» **PROBLEM DETAILS**: Find the line with "6AWG 25-10 Car" in the entries below, then output every line from it down to the line with "Salon De Jardin", exactly and with no pictures.

» **THE DATA**:
__________
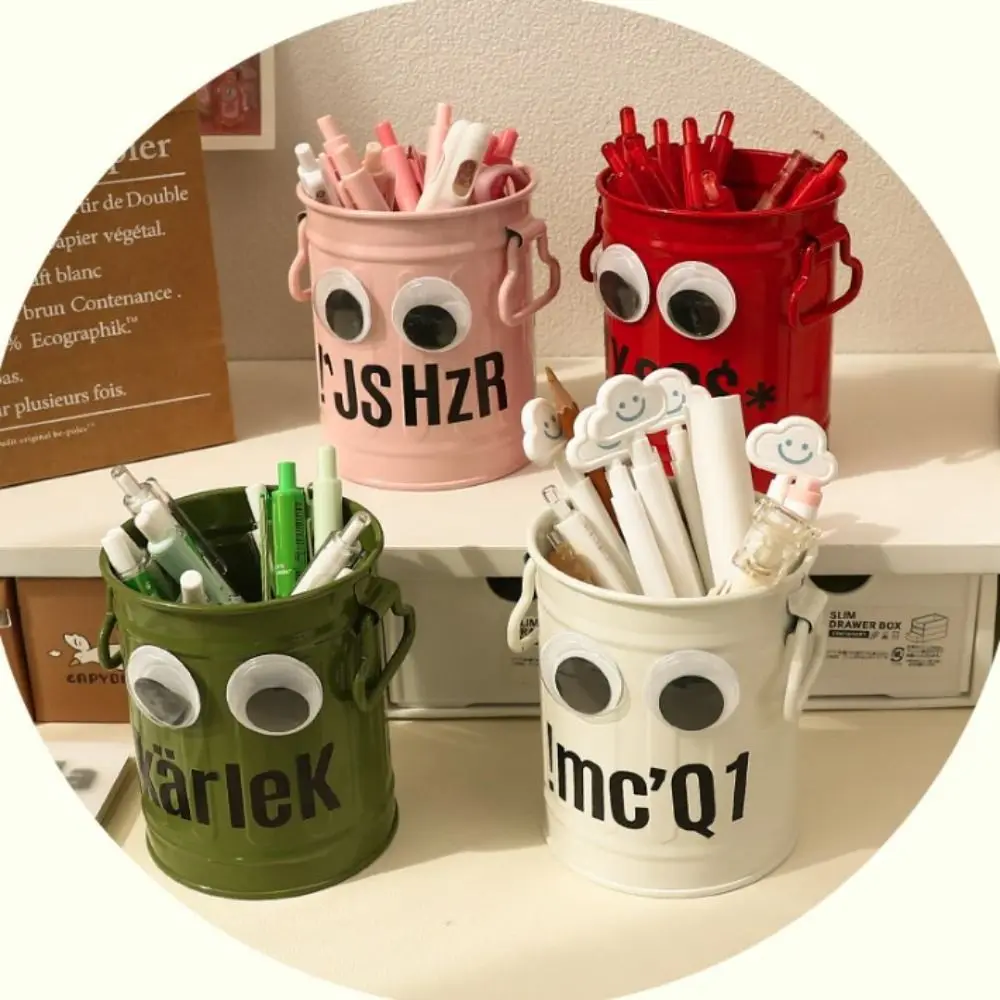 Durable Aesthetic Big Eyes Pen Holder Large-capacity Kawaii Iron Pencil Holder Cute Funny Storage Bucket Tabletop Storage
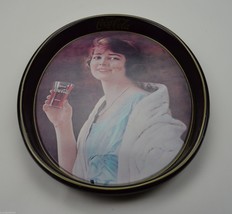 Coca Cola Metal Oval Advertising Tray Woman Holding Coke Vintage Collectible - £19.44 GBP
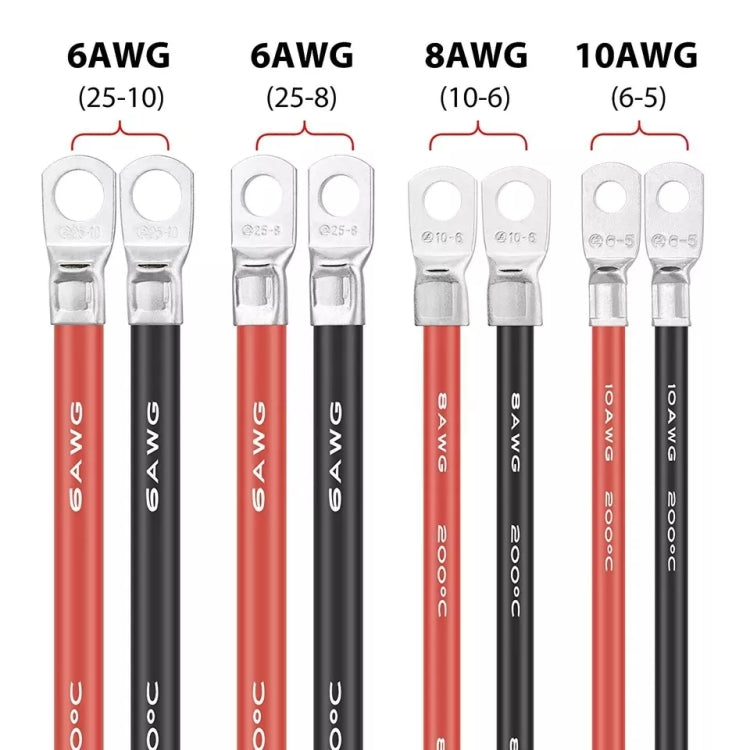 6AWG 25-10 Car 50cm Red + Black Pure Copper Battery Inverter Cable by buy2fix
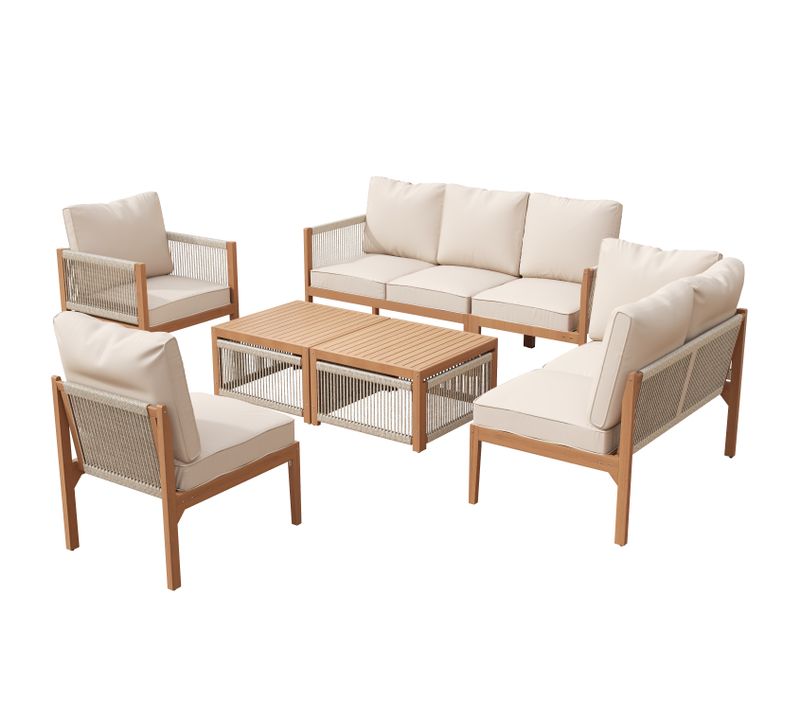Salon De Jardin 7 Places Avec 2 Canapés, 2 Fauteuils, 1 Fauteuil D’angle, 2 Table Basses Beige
__________
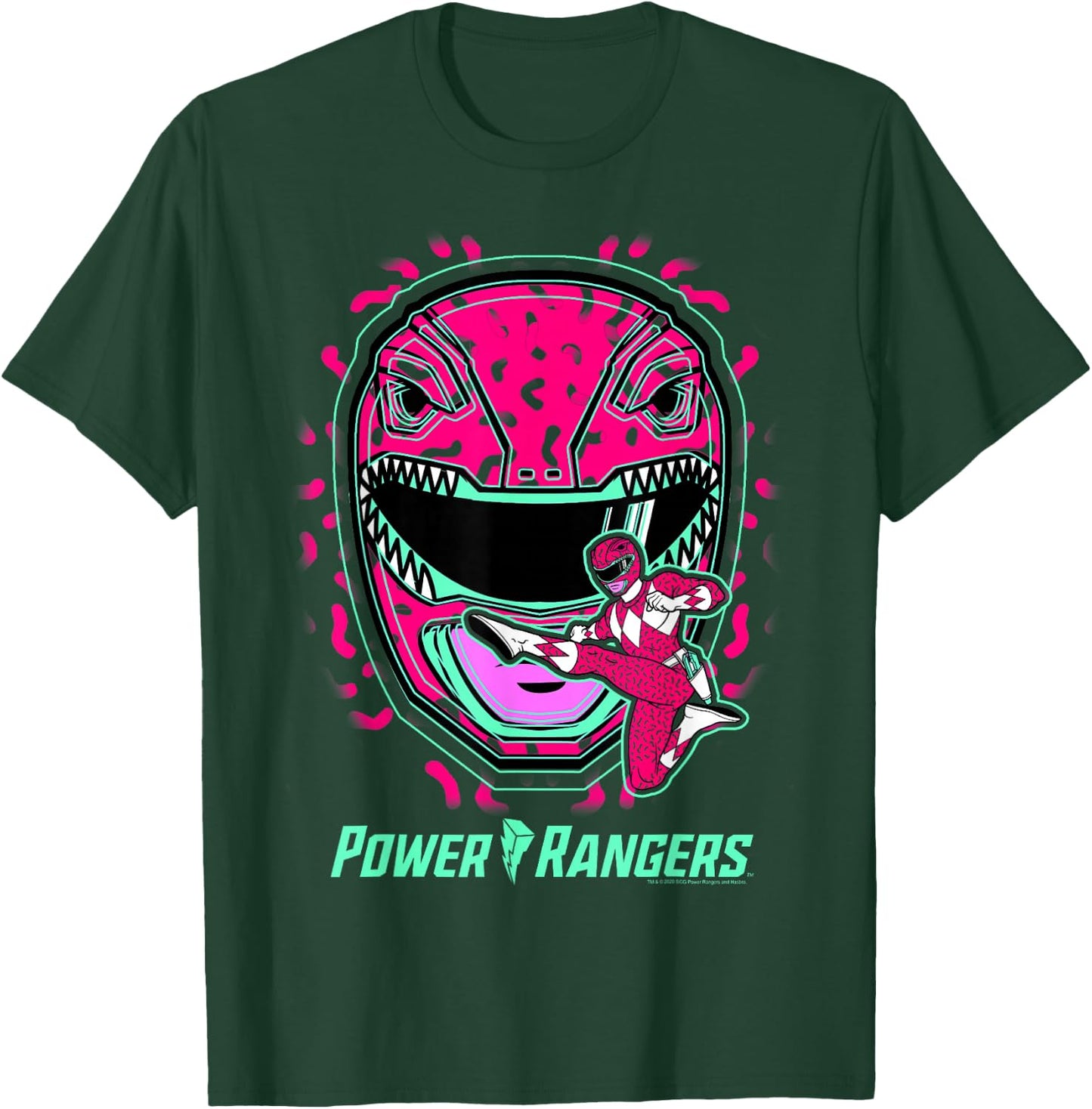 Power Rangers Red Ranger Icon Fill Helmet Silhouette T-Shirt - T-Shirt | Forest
__________
» **REPLY TO THE TASK**:
 6AWG 25-10 Car 50cm Red + Black Pure Copper Battery Inverter Cable by buy2fix
Salon De Jardin 7 Places Avec 2 Canapés, 2 Fauteuils, 1 Fauteuil D’angle, 2 Table Basses Beige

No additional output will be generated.